Negative, or latent, dimensions have always attracted a strong interest since their discovery. When randomness is introduced in multifractals, the sample-to-sample fluctuations of multifractal spectra emerge inevitably, which has motivated various studies in this field. In this work, we study a class of multinomial measures and argue the asymptotic behaviors of the multifractal function as q tends to infinity. The so-called latent dimensions condition (LDC) is presented which states that latent dimensions may be absent in discrete random multinomial measures. In order to clarify the discovery, several examples are illustrated.


Fractional Schrodinger equation

Nick Laskin (Canada)

We have studied the general properties of the fractional Schrodinger equation. The parity conservation law for the fractional quantum mechanics has been found. A new equation for the probability current density has been established. We also discuss the relationships between fractional and standard Schrodinger equations.


Application of the joint multifractal theory to study relationships between crop grain yields, soil electrical conductivity and topography

A. N. Kravchenko (USA)

Estimation and quantification of yield spatial variability and evaluation of spatial aspects of yield affecting factors are important issues in precision agriculture. In this study, joint multifractal theory was applied to analyze variability of crop grain yields and relationships between the yields, terrain elevation, and soil electrical conductivity (EC). Corn and soybean yield data from 1996 to 1999 were collected from a 20 ha agricultural field in Illinois, USA, along with elevation and soil EC measurements. Joint multifractal theory allowed successful delineation of the ranges of elevation and EC values that were of particular influence on crop yields. It was found to be an efficient tool for analysis of the yield spatial variability and is recommended for studying the relationships between scaling properties of two and more variables.

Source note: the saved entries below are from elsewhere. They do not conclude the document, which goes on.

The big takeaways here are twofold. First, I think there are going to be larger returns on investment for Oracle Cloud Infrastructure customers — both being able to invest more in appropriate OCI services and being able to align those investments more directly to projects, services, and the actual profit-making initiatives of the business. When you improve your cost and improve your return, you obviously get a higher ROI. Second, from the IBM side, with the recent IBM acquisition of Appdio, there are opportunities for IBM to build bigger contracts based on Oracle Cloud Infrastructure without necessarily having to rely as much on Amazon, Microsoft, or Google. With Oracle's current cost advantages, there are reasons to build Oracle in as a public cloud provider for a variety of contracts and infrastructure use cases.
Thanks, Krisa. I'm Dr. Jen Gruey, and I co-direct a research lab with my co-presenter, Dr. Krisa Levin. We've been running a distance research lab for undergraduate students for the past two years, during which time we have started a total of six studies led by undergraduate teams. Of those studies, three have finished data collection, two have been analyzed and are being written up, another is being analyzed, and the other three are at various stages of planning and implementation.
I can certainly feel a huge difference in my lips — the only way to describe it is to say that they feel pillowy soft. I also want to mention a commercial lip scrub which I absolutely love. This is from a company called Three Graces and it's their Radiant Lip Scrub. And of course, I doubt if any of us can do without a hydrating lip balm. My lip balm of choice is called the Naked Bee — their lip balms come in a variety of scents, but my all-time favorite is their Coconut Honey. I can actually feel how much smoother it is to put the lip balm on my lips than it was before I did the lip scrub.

Random Wavelet Series: theory and applications

J.-M. Aubry and S. Jaffard (France)

Random Wavelet Series were introduced by the authors as a=20 generalization of the Lacunary Wavelet Series of Jaffard. They form a fairly broad class of random processes, with multifractal properties. We give three applications of this construction. First, we can synthesize random functions with a given spectrum of singularities, which is not necessarily concave. Secondly, we derive a multifractal formalism (a way of computing numerically the spectrum of singularities of a function) with a domain of validity not limited to concave spectra. Finally, we show that a particular case of our process satisfies a generalized selfsimilarity relation proposed in the theory of fully developed turbulence.


Dynamics of Solar Magnetic Field from Synoptic Charts

N. G. Makarenko, L. M. Karimova (Kazakhstan) and M. M. Novak (UK)

The paper focuses on diagnosis of extended nonlinear dynamical systems arising in the global solar magnetic field evolution. The methods of mathematical morphology, namely, Minkowski functionals and dimension are applied to analyzing topology of magnetic field cross-sections (synoptic charts). Time series of Euler characteristics obtained from solar magnetic field charts is used to investigate the Solar activity by the embedding methods.